◆ Requirement
All lines from the one that contains "The key perspectives" to the end of the data must be retyped exactly. Pictures are not retyped.

◆ Records for processing
§ §

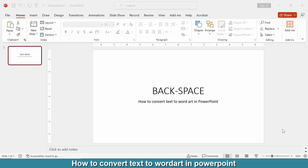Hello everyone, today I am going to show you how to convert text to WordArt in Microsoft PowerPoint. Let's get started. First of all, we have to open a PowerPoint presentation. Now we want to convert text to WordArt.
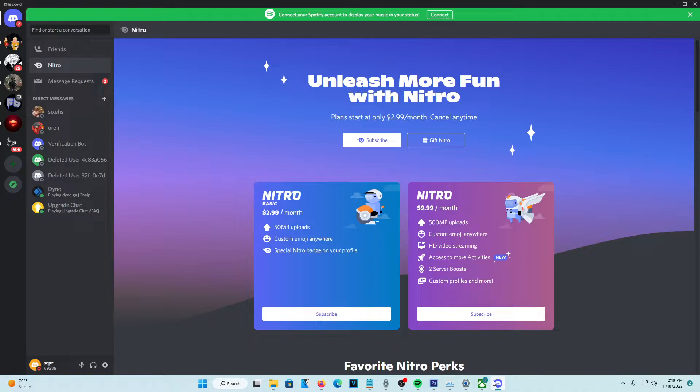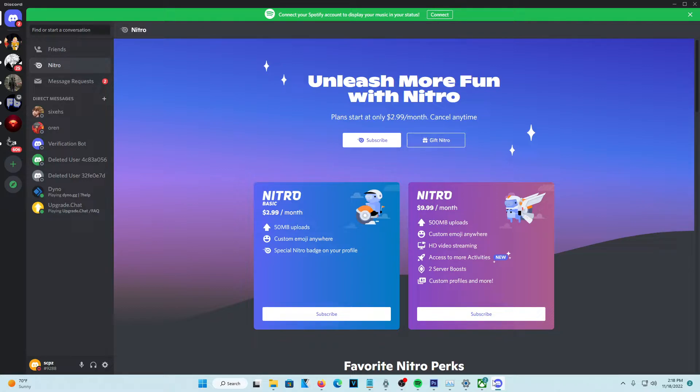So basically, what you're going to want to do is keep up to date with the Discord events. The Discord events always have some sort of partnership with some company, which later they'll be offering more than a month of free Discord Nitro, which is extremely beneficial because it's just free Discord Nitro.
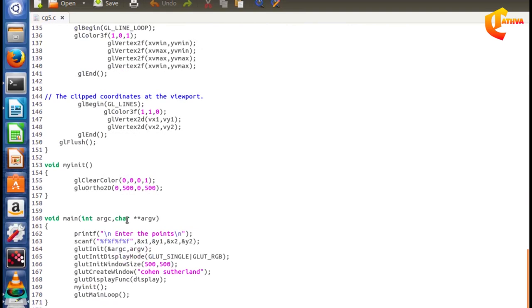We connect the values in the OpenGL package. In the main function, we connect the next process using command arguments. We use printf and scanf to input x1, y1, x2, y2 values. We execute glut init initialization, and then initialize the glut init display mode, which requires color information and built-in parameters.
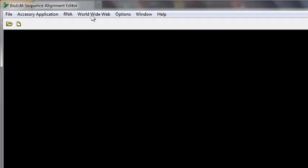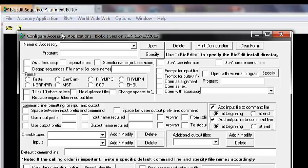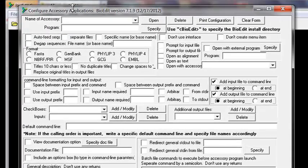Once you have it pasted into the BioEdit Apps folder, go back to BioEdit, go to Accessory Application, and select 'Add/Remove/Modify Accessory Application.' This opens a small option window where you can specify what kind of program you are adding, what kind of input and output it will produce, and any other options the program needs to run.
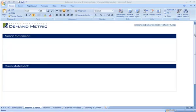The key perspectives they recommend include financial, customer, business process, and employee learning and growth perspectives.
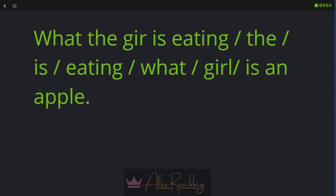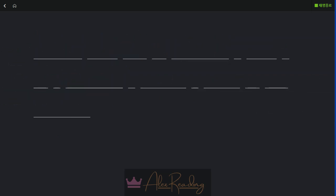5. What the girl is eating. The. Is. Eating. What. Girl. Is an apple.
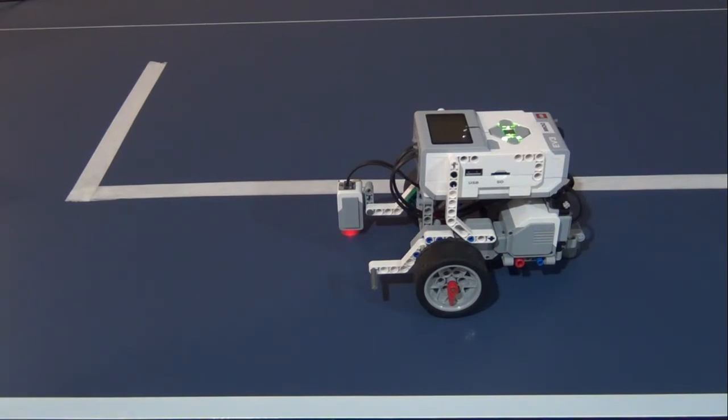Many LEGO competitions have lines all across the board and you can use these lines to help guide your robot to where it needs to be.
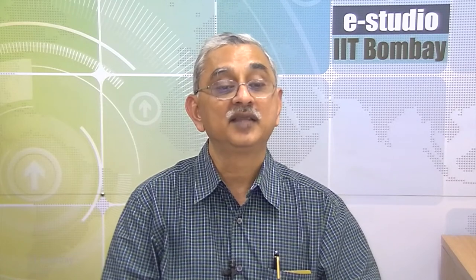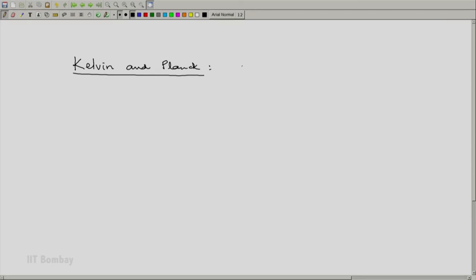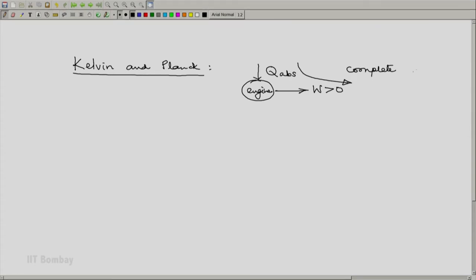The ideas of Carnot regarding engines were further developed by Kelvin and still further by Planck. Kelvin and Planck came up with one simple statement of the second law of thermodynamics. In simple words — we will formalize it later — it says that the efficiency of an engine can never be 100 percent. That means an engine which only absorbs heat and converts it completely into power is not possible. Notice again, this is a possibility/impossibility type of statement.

§ §

◆ Your solution
The key perspectives they recommend include financial, customer, business process, and employee learning and growth perspectives.
5. What the girl is eating. The. Is. Eating. What. Girl. Is an apple.
Many LEGO competitions have lines all across the board and you can use these lines to help guide your robot to where it needs to be.
The ideas of Carnot regarding engines were further developed by Kelvin and still further by Planck. Kelvin and Planck came up with one simple statement of the second law of thermodynamics. In simple words — we will formalize it later — it says that the efficiency of an engine can never be 100 percent. That means an engine which only absorbs heat and converts it completely into power is not possible. Notice again, this is a possibility/impossibility type of statement.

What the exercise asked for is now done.